And now, the end is near, and the Dutch cat has almost got the Asian cream.

Today's vote by Fraser & Neave's shareholders in favour of Heineken's offer to buy up the conglomerate's stake in JV Asia Pacific Breweries has been on the cards for the past week. But, when the race for APB started to hot up earlier this summer, its future was far less clear.

While there will be plenty of back-slapping going on around Heineken HQ today, there will also be a realisation that the process was uncomfortable to the point of unpleasant, and that no-one at Heineken will want to go through that again.

Once a 'mystery bidder' for an 18% stake in Fraser & Neave reared its head in July, concerns grew about the future of APB. These concerns will have been all the more concentrated in Amsterdam. Indeed, three days later, Heineken made its first move.

And, while many observers - and Heineken itself - will be keen to proffer that today's approval represents a win-win for Heineken and Fraser & Neave, it has to be said that Heineken could - and maybe should - have won sooner, and won better. The problem was, however, that by the time Heineken had made its first move, it was already too late.

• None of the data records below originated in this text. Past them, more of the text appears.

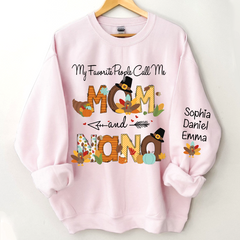 Lofaris My Favorite People Call Me Nana Custom Sweatshirt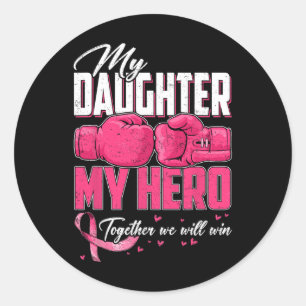My Daughter My Hero Together We Will Win Breast Ca Classic Round Sticker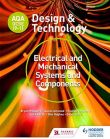 AQA GCSE (9-1) Design and Technology: Electrical and mechanical systems and components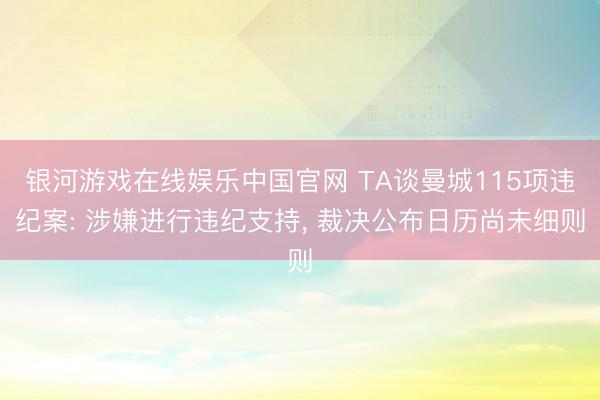 银河游戏在线娱乐中国官网 TA谈曼城115项违纪案: 涉嫌进行违纪支持， 裁决公布日历尚未细则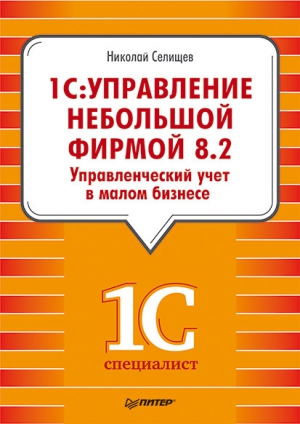 Селищев Николай - «1С. Управление небольшой фирмой 8.2». Управленческий учет в малом бизнесе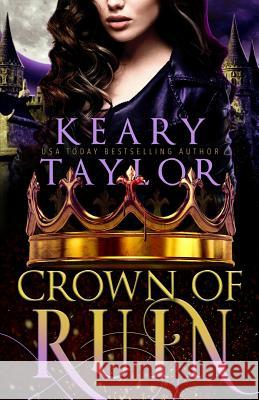 Crown of Ruin Keary Taylor 9781717508867 Createspace Independent Publishing Platform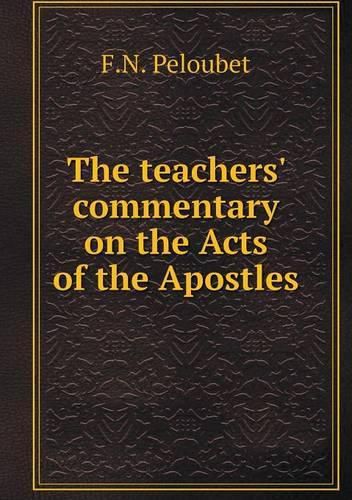 Cover image for The teachers' commentary on the Acts of the Apostles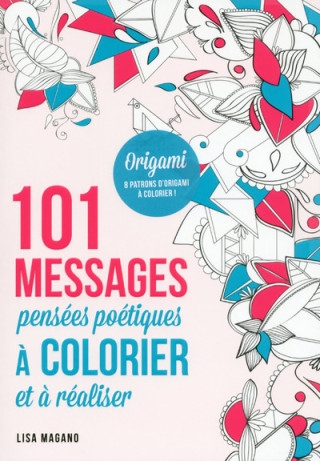 101 messages pensées poétiques à colorier et à réaliser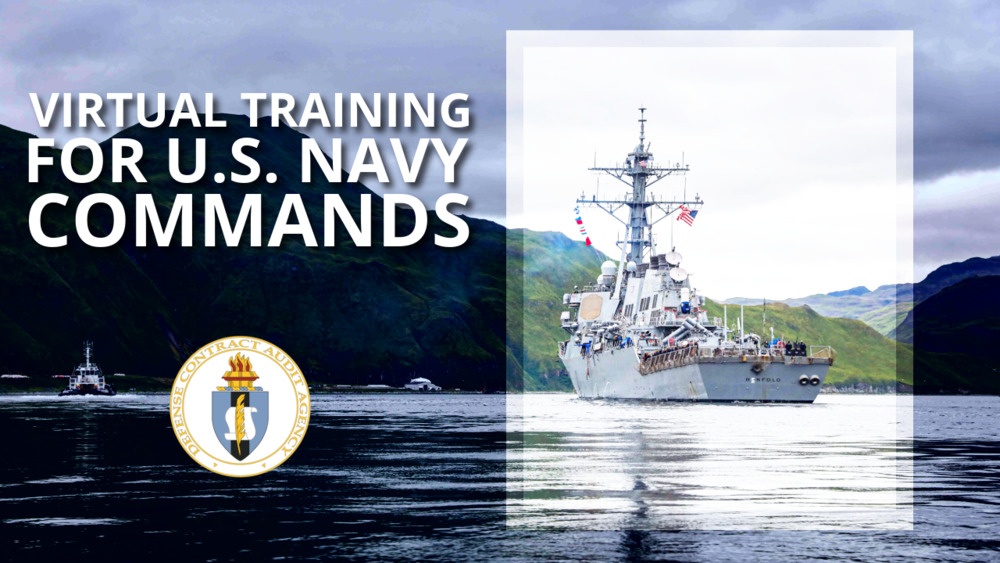 DCAA offers virtual training for U.S. Navy commands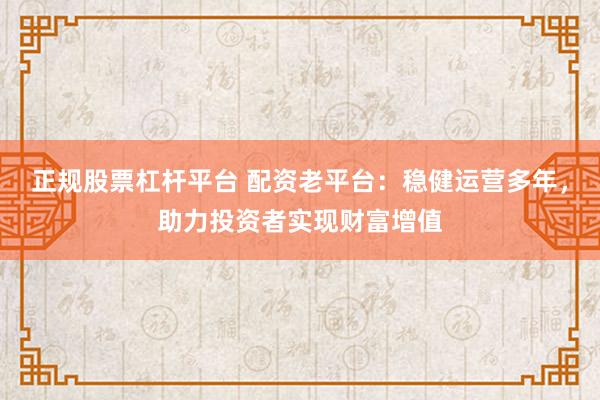 正规股票杠杆平台 配资老平台：稳健运营多年，助力投资者实现财富增值
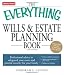 The Everything Wills and Estate Planning Book: Professional advice to safeguard your assests and provide security for your family (Everything (Business & Personal Finance))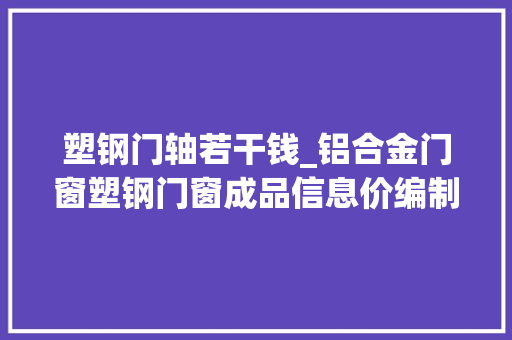 塑钢门轴若干钱_铝合金门窗塑钢门窗成品信息价编制说明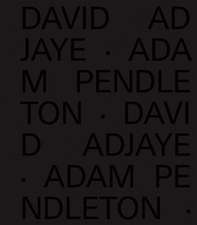 David Adjaye Adam Pendleton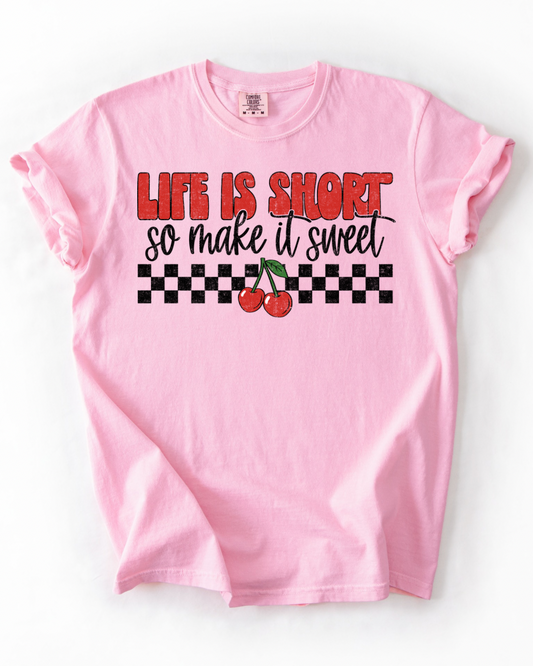 Life is short make it sweet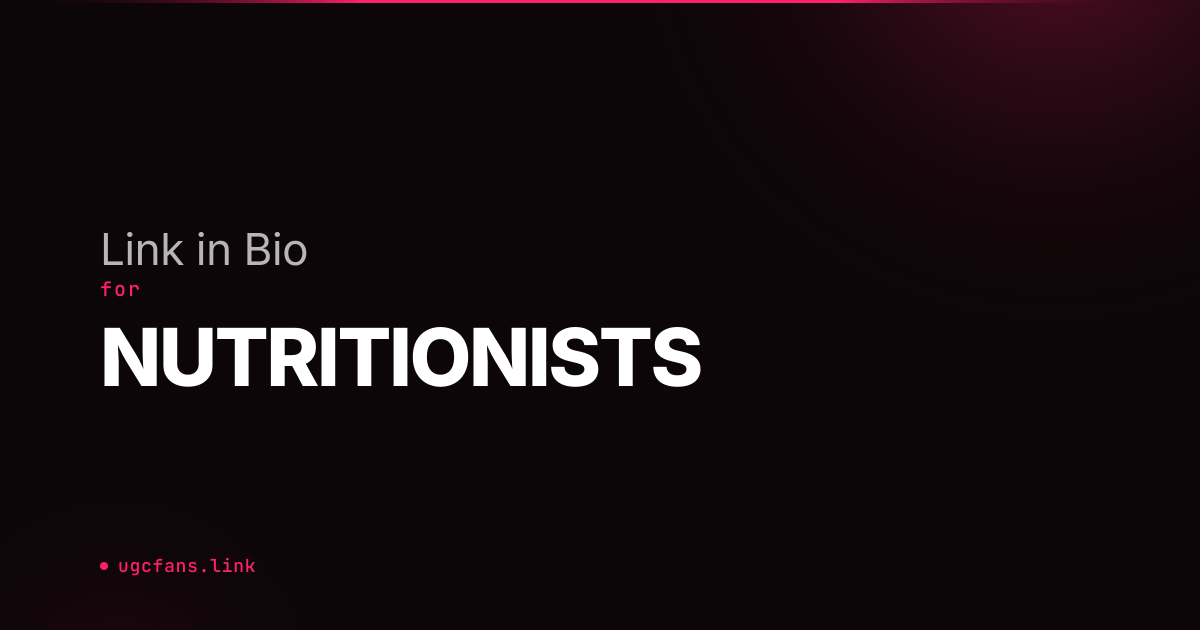 Link in Bio for Nutritionists: Turn Followers Into Clients From a Single Page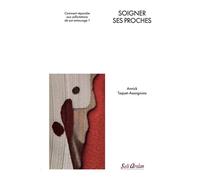 Soigner ses proches Comment répondre aux sollicitations de son entourage ? - Annick Taquet-Assoignons - Seli Arslan - broché - Scolaire / Universitaire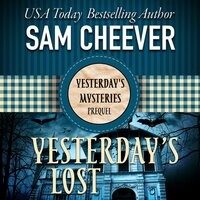 Yesterday's Lost - Sam Cheever
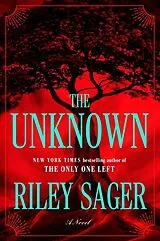 Broschiert The Unknown von Riley Sager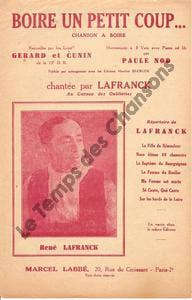 Partition de la chanson : Boire un petit coup ...       Chanson à boire . Lafranck René - Nod Paule - Cunin,Gérard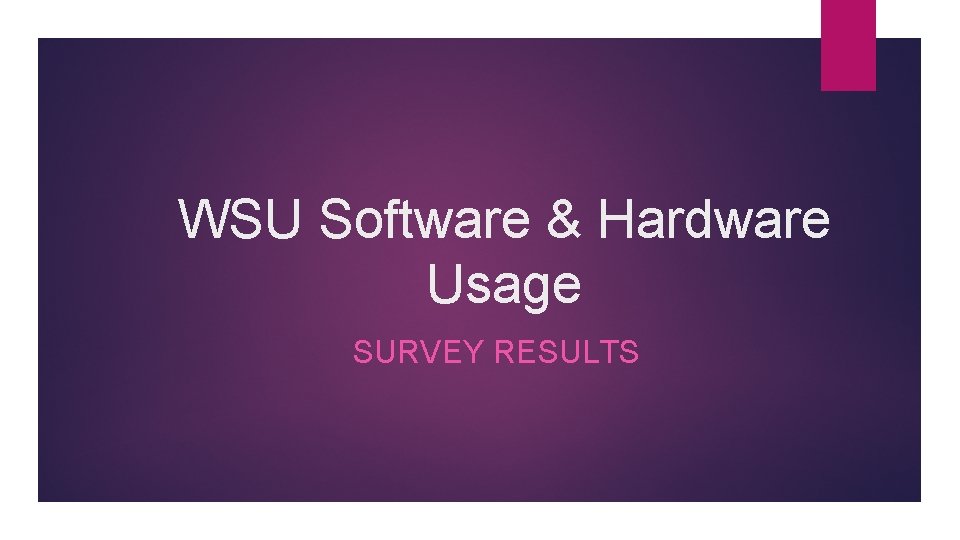 WSU Software & Hardware Usage SURVEY RESULTS WSU Software & Hardware Usage SURVEY RESULTS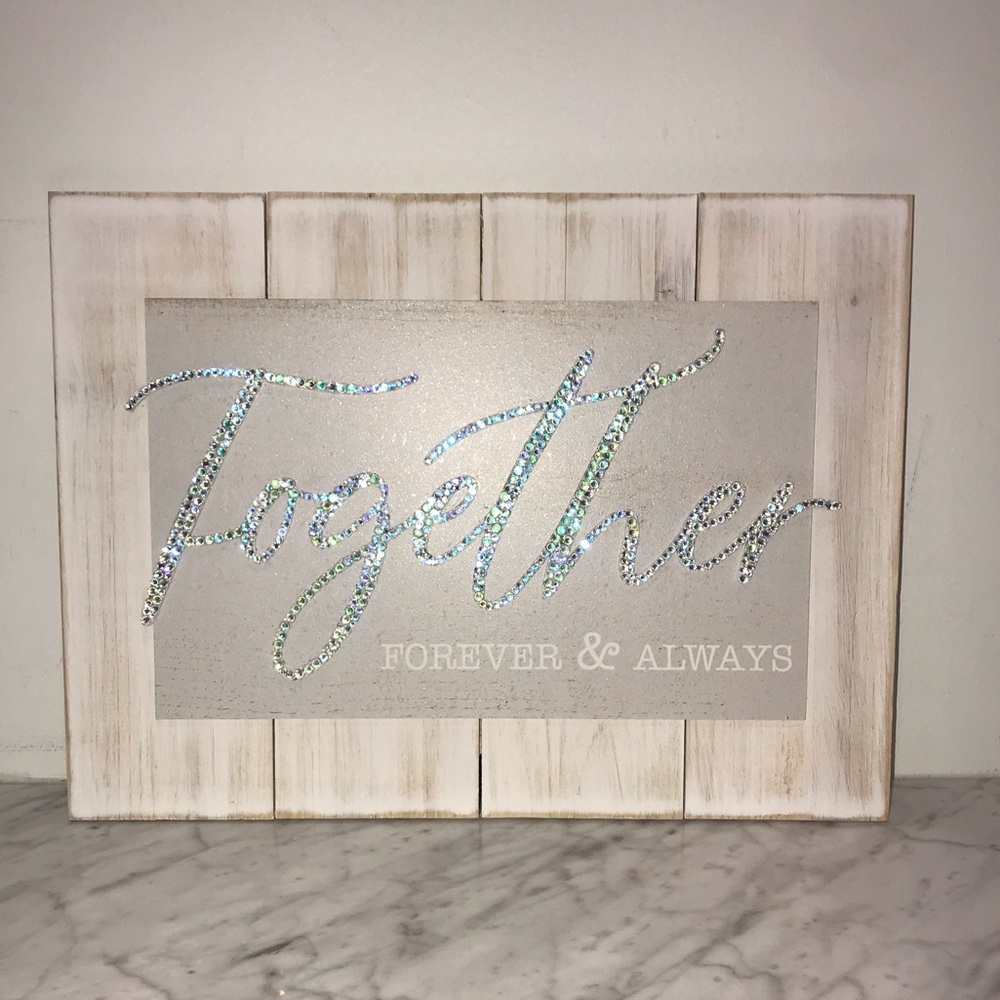 “Together Forever & Always" wall art White Wash Wood Swarovski Crystals Bling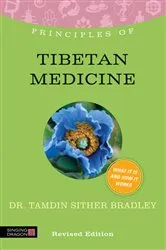 Book cover of Principles of Tibetan Medicine by Unknown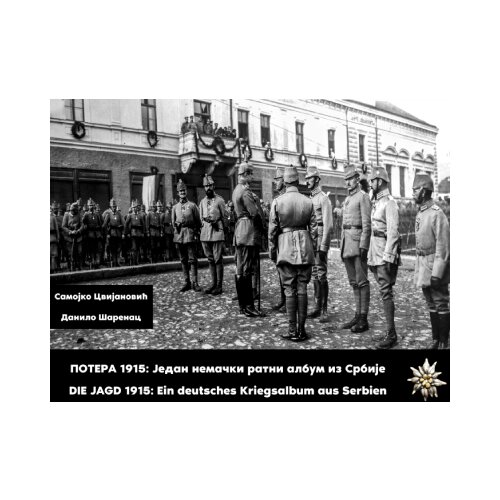  Potera 1915: jedan nemački ratni album iz Srbije / DIE Jagd 1915: Ein deutsches Kriegsalbum aus Serbie Cene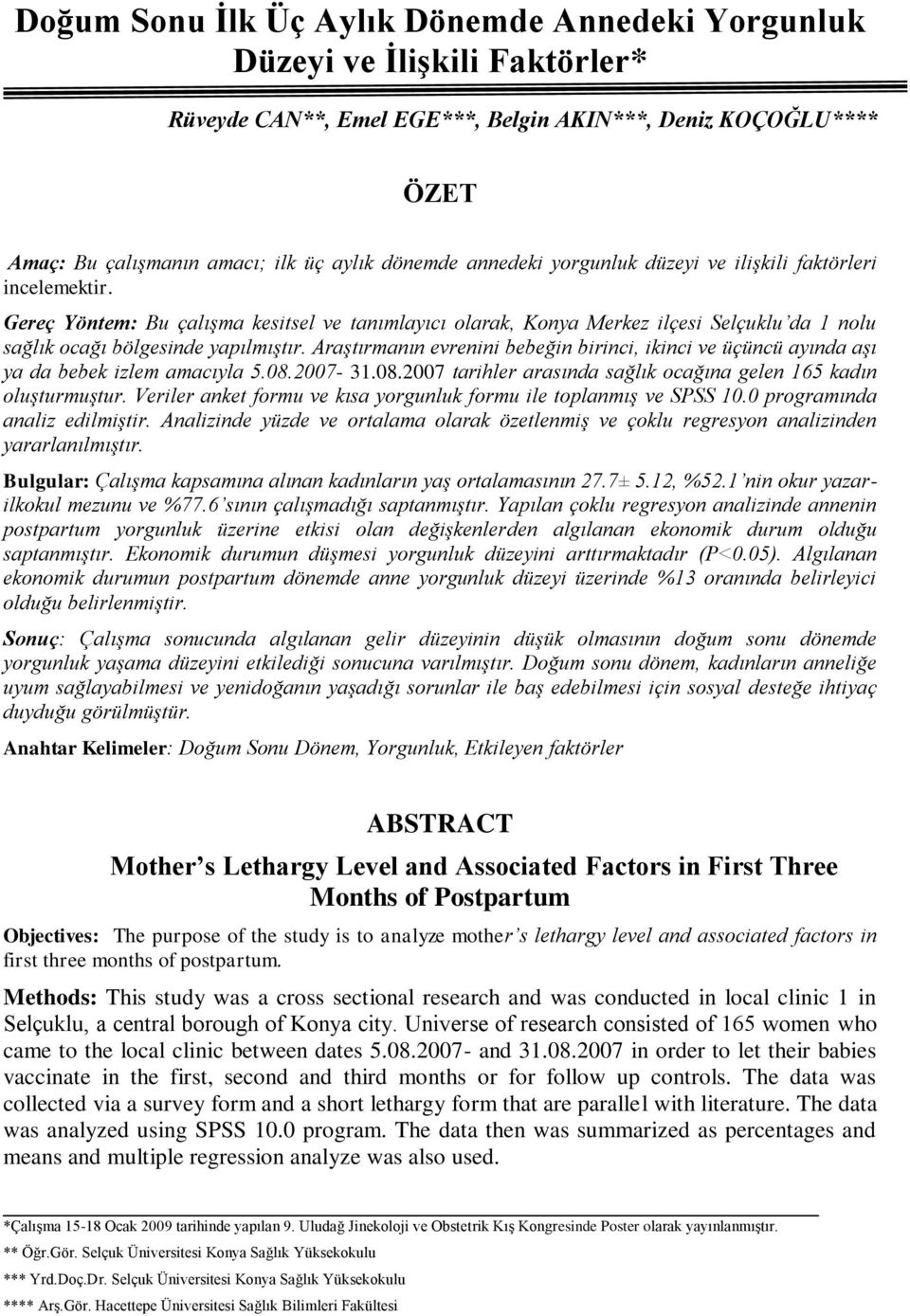 Araştırmanın evrenini bebeğin birinci, ikinci ve üçüncü ayında aşı ya da bebek izlem amacıyla 5.08.2007-31.08.2007 tarihler arasında sağlık ocağına gelen 165 kadın oluşturmuştur.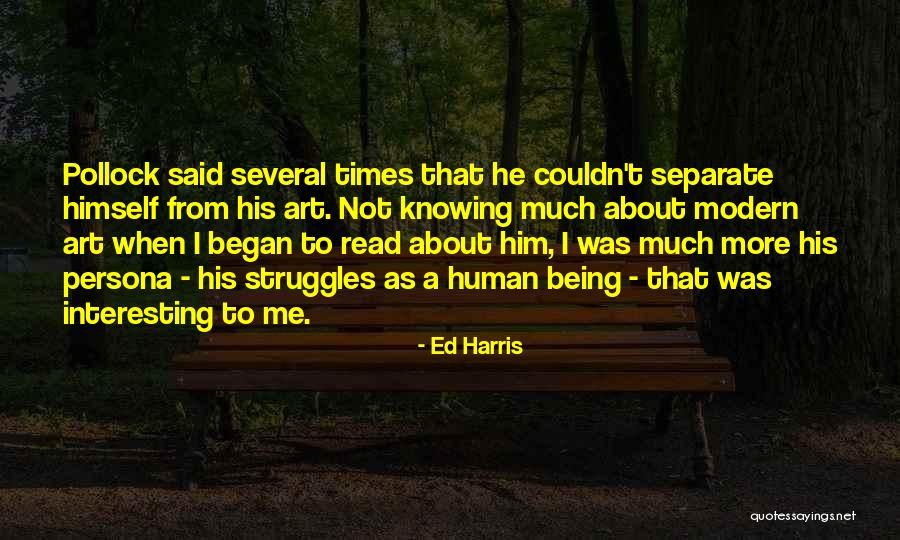 Ed Harris Quotes 1694444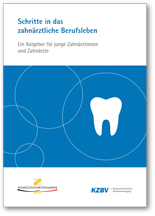 Schritte in das zahn�rztliche Berufsleben � Ein Ratgeber f�r junge Zahn�rztinnen und Zahn�rzte, BZ�K und KZVB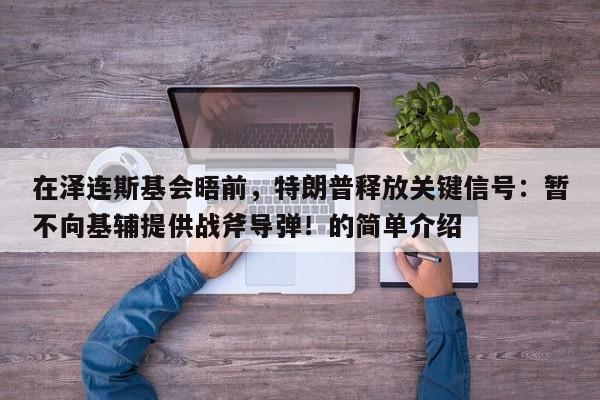 在泽连斯基会晤前，特朗普释放关键信号：暂不向基辅提供战斧导弹！的简单介绍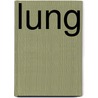 Lung door Frederic P. Miller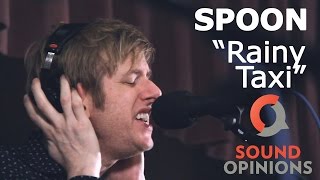 Spoon perform &quot;Rainy Taxi&quot; (Live on Sound Opinions)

When that 'mystery bidder' was revealed as being ThaiBev, it was obvious that this was going to be a bumpy ride for Heineken. For two months, the brewer has been stuck on a rollercoaster that only pulled to a standstill last week, when ThaiBev said it would not stand in Heineken's way.

Between Heineken making its first offer and ThaiBev standing aside, the Dutch brewer had to come back with an improved bid for APB. 

And yet, today, Heineken CEO Jean-François van Boxmeer told Bloomberg that APB is “worth every dollar we've paid”. Worth every dollar, perhaps, but worth all the stress?

Van Boxmeer also claimed today that this “landmark moment” for Heineken had arrived as the company took the “logical and natural” step to buy out its JV partner. That suggests there was never any doubt.

I seriously doubt that!

In today's media conference call, the longer van Boxmeer highlighted both the existing beer market situation for APB and the potential for the region, the clearer it became that Heineken had to have APB all to itself, no matter what. 

Heineken has gone through a stress-inducing couple of months. But, dare I suggest that this stress could have been avoided if, back in 2010, Heineken had moved more forcefully when Kirin bought into F&N?

For now, however, let's allow Heineken its celebrations. The brewer can take a moment to reflect on its strong positions in the beer markets of Europe, Africa, the Americas and in Asia. After all, you can't put a price on securing that broad a coverage of the world's beer markets.